Use Your Blowing Power to Play MIDI Music
If you want something more interesting than buttons, Liz Clark’s tutorial will show you how to use your blowing power to play MIDI music.
Wind instruments are, like, one of the big categories, right up there with percussion and string instruments. But you don’t often see them in the MIDI music scene, do you? That’s all about pressing buttons and it is all very digital. So if you want something new, Liz Clark’s Adafruit tutorial will show you how to use your blowing power to play MIDI music.
MIDI (Musical Instrument Digital Interface) is just a technical standard for storing, transferring, and generating sounds in real-time. You can play MIDI music by pressing electronic or virtual buttons, or by reading files that are akin to digital sheet music.
But while it is ultimately a digital medium, MIDI does have provisions for analog input. You most often see that with velocity or pressure sensing on MIDI controllers, which are important for decent music. A MIDI piano melody, for instance, would feel very flat if you couldn’t record how hard you strike the keys.
In this case, Clark’s MIDI controller uses the pressure of the player’s breath to influence the music. An Adafruit QT Py RP2040 board measures the pressure using an Adafruit BMP585 temperature and pressure sensor breakout board.

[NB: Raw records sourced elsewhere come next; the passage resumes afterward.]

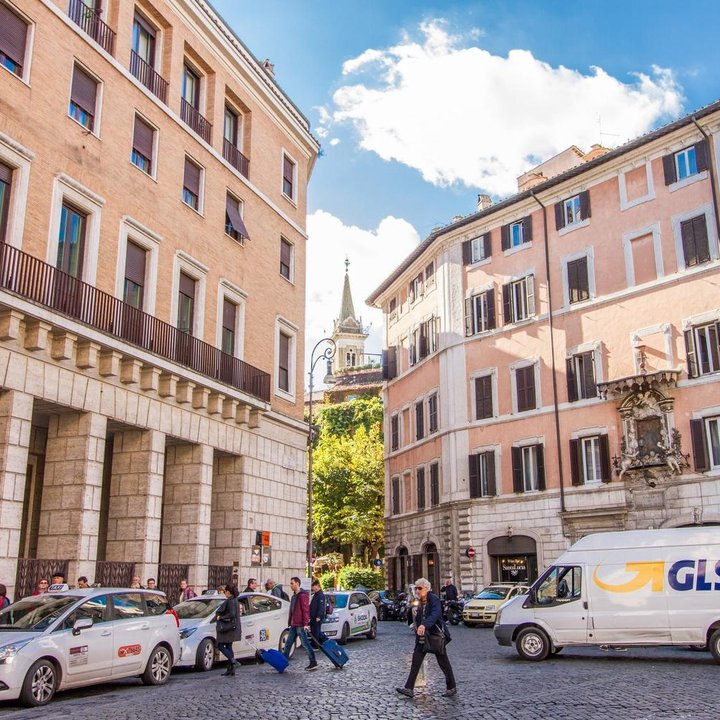 羅馬納沃納利弗旅館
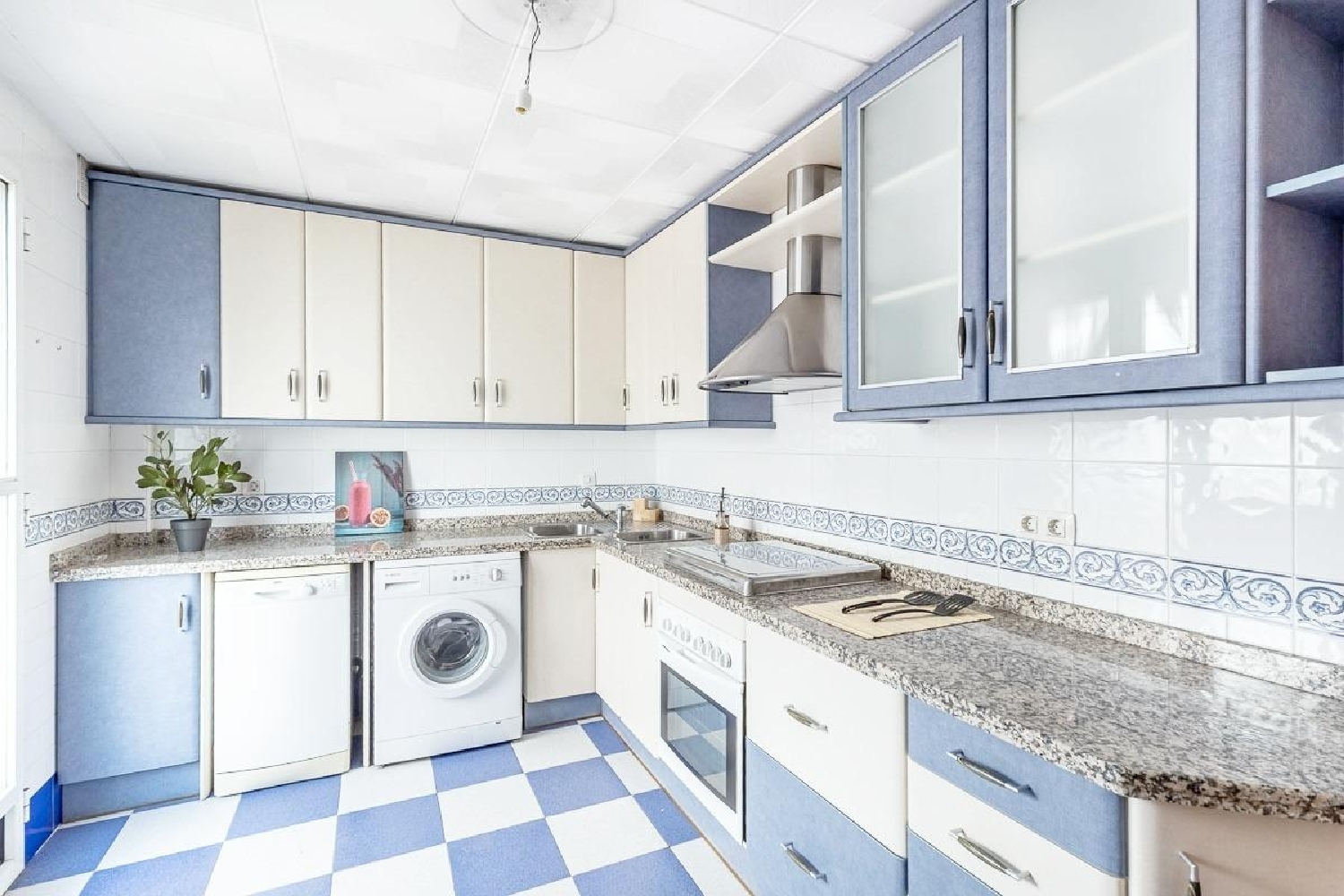 te koop twee-onder-een-kapwoning Farmillans Órdenes 7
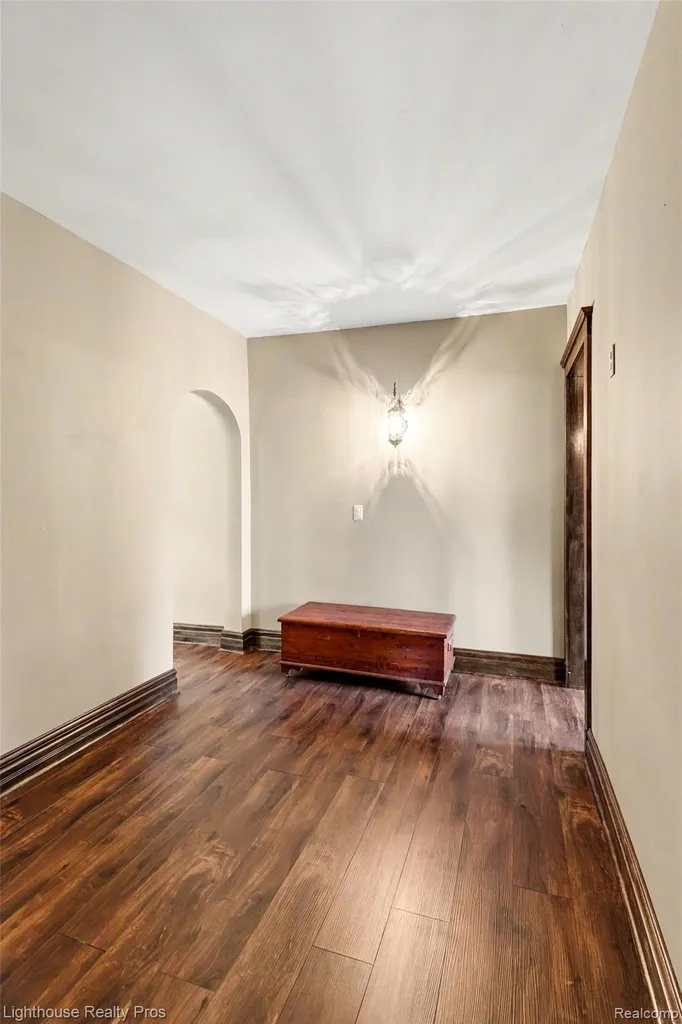 405 W Jefferson Street Grand Ledge City MI 48837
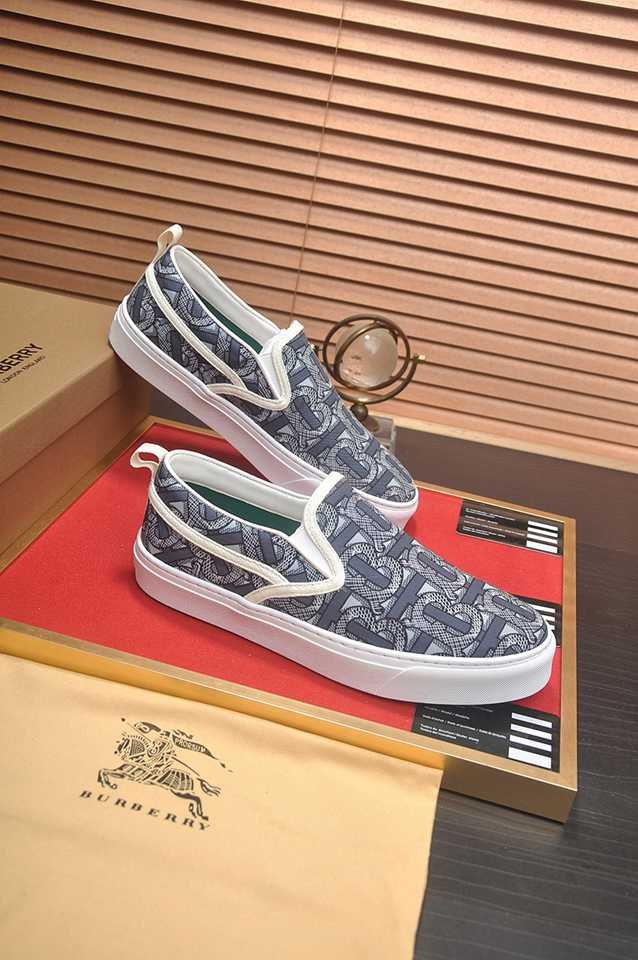 Burberry Leather Low-Top Sneakers 1133220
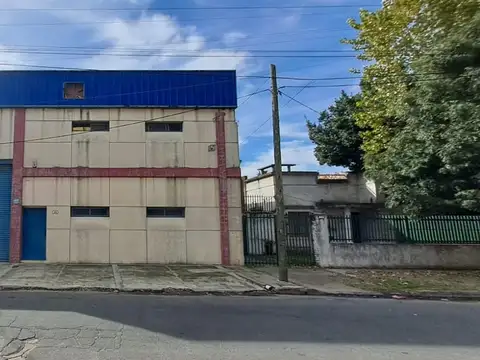 Excelente GALPON 850m2 Cub - ZONA INDUSTRIAL -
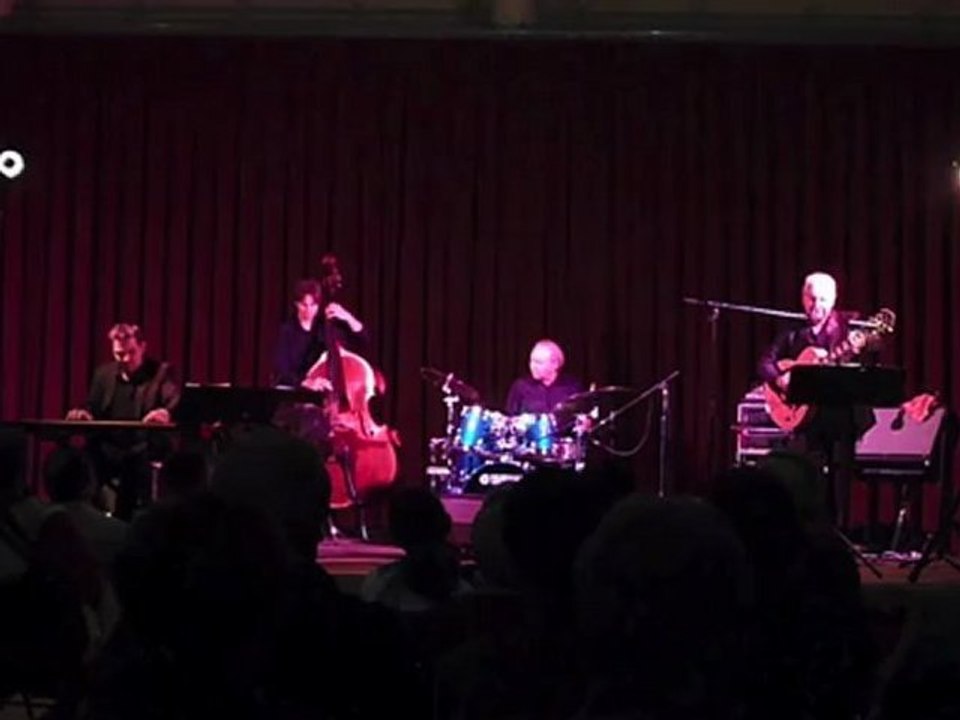 Armstrong (Claude Nougaro)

The QT Py takes the pressure reading, on a scale of 0 to 127, and uses that as a MIDI CC (Continuous Controller) message. The user can select between modulation, breath controller, volume, sustain, and channel pressure for the CC message.
Just open up whatever MIDI or DAW software you like, connect the QT Py to your computer via USB, and blow into the tube to use the pressure to influence those parameters in your music. You can combine that with a few conventional MIDI buttons (or your computer keyboard) to play a digital flute, or you can get creative and invent an entirely new type of virtual instrument.